The United States, however, is keen on safeguarding its economic interests in the Middle East, and protecting its strongest ally, Israel, while Saudi Arabia’s Crown Prince and de-facto leader Mohammed bin Salman is striving to energetically diversify his oil-dependent country, and open up the nation socially and culturally to more investors and foreign tourists. Its three-way pact with the United States and Israel could come with a defence package and support for a civilian nuclear program by Washington.
The rapprochement is also intended to deter Iran, the region’s other powerful nation.

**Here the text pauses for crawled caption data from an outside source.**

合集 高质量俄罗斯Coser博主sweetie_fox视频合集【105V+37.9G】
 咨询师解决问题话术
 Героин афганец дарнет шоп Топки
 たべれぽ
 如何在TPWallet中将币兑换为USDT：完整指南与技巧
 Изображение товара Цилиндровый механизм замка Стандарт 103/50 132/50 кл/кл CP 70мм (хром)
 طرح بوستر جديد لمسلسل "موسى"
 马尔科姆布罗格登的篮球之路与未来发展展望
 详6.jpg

The Persian state—whose people are predominantly Shi’ite Muslims, compared to the Sunni Muslims of Saudi Arabia—has been a longstanding enemy of both the United States and Saudi Arabia, ever since the Islamic Revolution in 1979 helped to overthrow the last Shah, Mohammad Reza Pahlavi, an ally of Washington.
“The revolution, its leaders claimed, was not just against the corrupt Iranian monarchy; it was intended to confront oppression and injustice everywhere, and especially those governments backed by the United States—chief among them, Israel. For Iran’s leaders, Israel and the U.S. represented immorality, injustice and the greatest threat to Muslim society and Iranian security,” writes Aaron Pilkington, a US Air Force analyst of Middle East affairs in the Hong Kong publication, South China Morning Post.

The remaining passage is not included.